Hospital De Coimbra 1,2 Mafalda Casinhas Santos 1 Vanessa Albino 1 Ana Sofia Vilardouro 1,3 David Marques Lito 1 Mário Paiva 1
1Serviço de Pediatria, Hospital Vila Franca de Xira, Portugal
2Departamento de Pediatria, Hospital Pediátrico, Centro Hospitalar Universitário de Coimbra, EPE, Portugal
3Serviço de Pediatria, Departamento de Pediatria, Hospital de Santa Maria - Centro Hospitalar Universitário de Lisboa Norte, EPE, Portugal

Background: Apgar score (AS) provides a standardized reporting method for newborn status. Low 5-minute-AS correlates with neonatal complications. Although a low 1-minute-AS does not predict any individual infant’s long-term outcome, there is lack of scientific data for the implications in the first days.

Objective: To evaluate low 1-minute-AS implications in the newborn first days.

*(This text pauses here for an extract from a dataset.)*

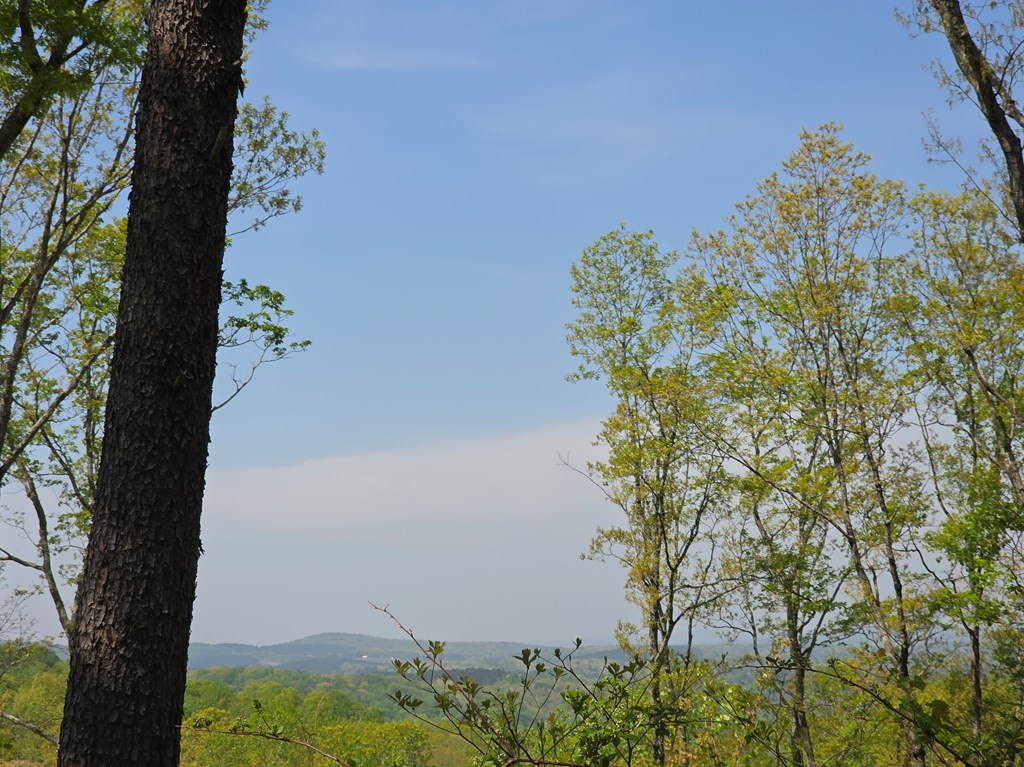 Lot 105 Twisted Oak Road Property Photo 4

Methods: Retrospective case-control study, matched by gestational age (1:2). All newborns with 1-minute-AS≤5 from a Portuguese level II hospital, between 2017 and 2018, were included. A 5-minute-AS≥8 subgroup was considered to exclude bias from known poor prognosis of a low 5-minute-AS.

Results: Included 85 cases with no differences in sex, gestational age and birth weight from the controls (170). Deaths occurred only in the sample group (n=3).

Sample group had more alterations in cardiotocography (41% vs 4%, p<0.001), meconium (24% vs 5%, p<0.001), intubation (29% vs 1%, p<0.001), intermittent positive pressure ventilation (IPPV) (88% vs 1%, p<0.001) and compressions (5% vs 0%, p=0.011).

First-minute-AS≤5 was associated with more respiratory distress syndrome (31% vs 2%, p<0.001), Neonatal Intermediate Care Unit (NICU) needed (57% vs 11%,p<0.001) and longer hospitalization (median 4 vs 3,p<0.001). They required more umbilical catheterization (20% vs 4%,p<0.001), intravenous fluids (54% vs 11%,p<0.001), ventilation support (13% vs 5%,p=0.03), antibiotherapy (33% vs 9%, p<0.001), nasogastric tube feeding (16% vs 7%,p=0.016) and phototherapy (31% vs 15%,p=0.003). These newborns were less exclusively breastfeeding than controls (53% vs 75%, p<0.001).

In the 5-minute-AS≥8 subgroup (n=40) differences remained statistically significative (p<0,05) regarding to cardiotocography, meconium, intubation, IPPV and compressions. This subgroup experienced more respiratory distress syndrome, NICU stay, intravenous fluids, antibiotherapy and longer hospitalization.

Conclusion: First-minute-AS≤5 (even when 5-minute-AS≥8) has important implications on the first days of life. Newborns needed more medical care which possibly increased costs. Other factors such as long maternal breastfeeding and microbiome may have been compromised.